Gary retourna auprès d'elle, s'accroupit devant elle. Quoi que soit cette énergie, Gary savait, avec certitude, que c'était la vie de cette fille, elle s'écoulait d'elle. La quittait. Elle serait morte dans moins d'une heure, à en juger par le peu d'énergie qui restait en elle. Elle serait gaspillée. Quelle chose étrange à laquelle penser, pourtant il en serait ainsi. Elle allait mourir et elle serait gaspillée.

Gary s'écarta et déchira le sachet en plastique d'un autre Slimjim. Le mâcha d'un air pensif. Il ne pouvait pas… Il ne devait plus la regarder, cela lui donnait de mauvaises idées. Il était capable de se contrôler. C'était l'une des premières choses qu'il avait dites à Dekalb. Il était capable de penser par lui-même. Il n'était pas obligé d'obéir à chaque lubie fugace.

Il appuya une main contre le verre de la vitrine. Les morts à l'extérieur y jetèrent des regards pendant un moment puis recommencèrent à presser leurs visages contre le verre, observant les gens à l'intérieur. Ils désiraient de nouveau, avaient besoin. Il était comme eux, à bien des égards, mais il avait cette grande différence. Sa force de volonté. Sa volonté. Il pouvait résister à n'importe quelle impulsion, s'il essayait de toutes ses forces.

 Waan xanuunsanahay.

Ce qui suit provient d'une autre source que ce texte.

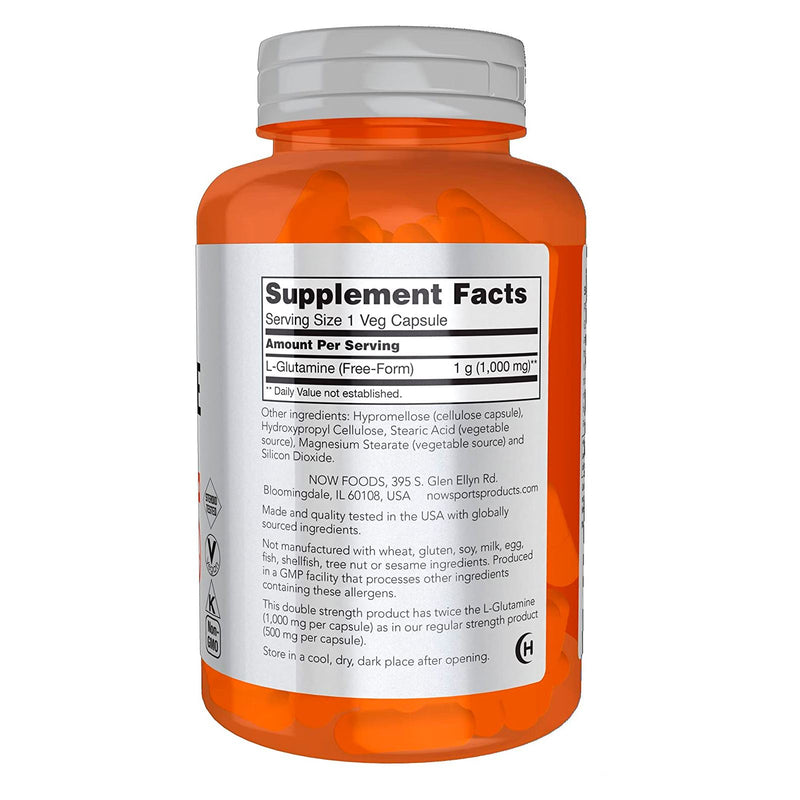 CLEARANCE! NOW Foods L-Glutamine Double Strength 1000 mg 120 Veg Capsules, BEST BY 03/2026 - DailyVita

Hilib. 

Il envisagea de partir, de rejoindre la foule au-dehors : ils ne lui feraient pas de mal, il ne le pensait pas. Il ne leur était d'aucune utilité. Rien qui pouvait les intéresser. Cependant, il ne savait pas comment il pourrait ouvrir la porte sans laisser des centaines de morts s'engouffrer à l'intérieur, avant qu'il puisse sortir et refermer derrière lui.

Il n'y avait aucune échappatoire. Il était coincé ici, pris au piège, avec les autres.

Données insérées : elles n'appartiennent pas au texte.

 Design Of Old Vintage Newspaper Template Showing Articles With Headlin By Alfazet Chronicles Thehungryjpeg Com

— Biyo, supplia la fille. Biyo ! 

Peut-être, pensa-t-il, peut-être que ses plaintes vont réveiller les autres. Dekalb allait peut-être se réveiller et se rendre compte qu'il avait oublié de poster un garde. Les filles allaient peut-être se réveiller et prendre soin de leur commandant, lui donner ce qu'elle voulait. Peut-être mettraient-elles fin à ses souffrances. Mais elles ne bougèrent même pas. 

Il mangea un autre Slimjim, les mains tremblantes, mais ce n'était pas la faim qui le perturbait à ce point, pas le genre de faim que les en-cas pouvaient calmer, en tout cas.

— Takhtar. Kaaloy dhaqsi ! 

La fille semblait presque lucide. Gary se précipita vers le côté opposé du magasin, vers le bureau du gérant. Il trouva un placard, se glissa à l'intérieur et ferma la porte derrière lui. Assis par terre, la tête entre les genoux, il appuya ses mains sur ses oreilles.

Tout allait bien se passer. Il était capable de se contrôler. Tout allait bien se passer.